A linha específica para o ABC, segundo Isabel, basicamente serve para quem já está em um estágio de transformação, quem já tem um caminho andado. “Mas a gente precisa introduzir nos outros programas do Plano Safra incentivos e monitoramento para saber, por exemplo, se esse dinheiro do custeio está sendo usado para manter pastagens viáveis, saudáveis e que contribuam para o sequestro de carbono, e não para emissão de gases do efeito estufa.”
A ideia, explica a pesquisadora, é que haja uma preocupação com tudo o que está sendo financiado dentro da propriedade, para qual caminho as práticas levam a agricultura.
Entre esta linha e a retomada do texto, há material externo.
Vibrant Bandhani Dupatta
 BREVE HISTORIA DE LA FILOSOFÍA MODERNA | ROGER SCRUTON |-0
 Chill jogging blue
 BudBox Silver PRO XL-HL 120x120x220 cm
“Não há como, de um dia para o outro, fazermos toda a nossa agricultura menos intensiva em carbono, mas podemos começar, e é isso que estamos fazendo aqui hoje. Estabelecendo etapas para que os produtores voluntariamente possam decidir por um modelo de produção que, sem deixar de ser economicamente atrativo e próspero, esteja também em sintonia com as necessidades e demandas globais”, acrescentou a ministra.
Vai ser interessante ver como vai se desenrolar isso.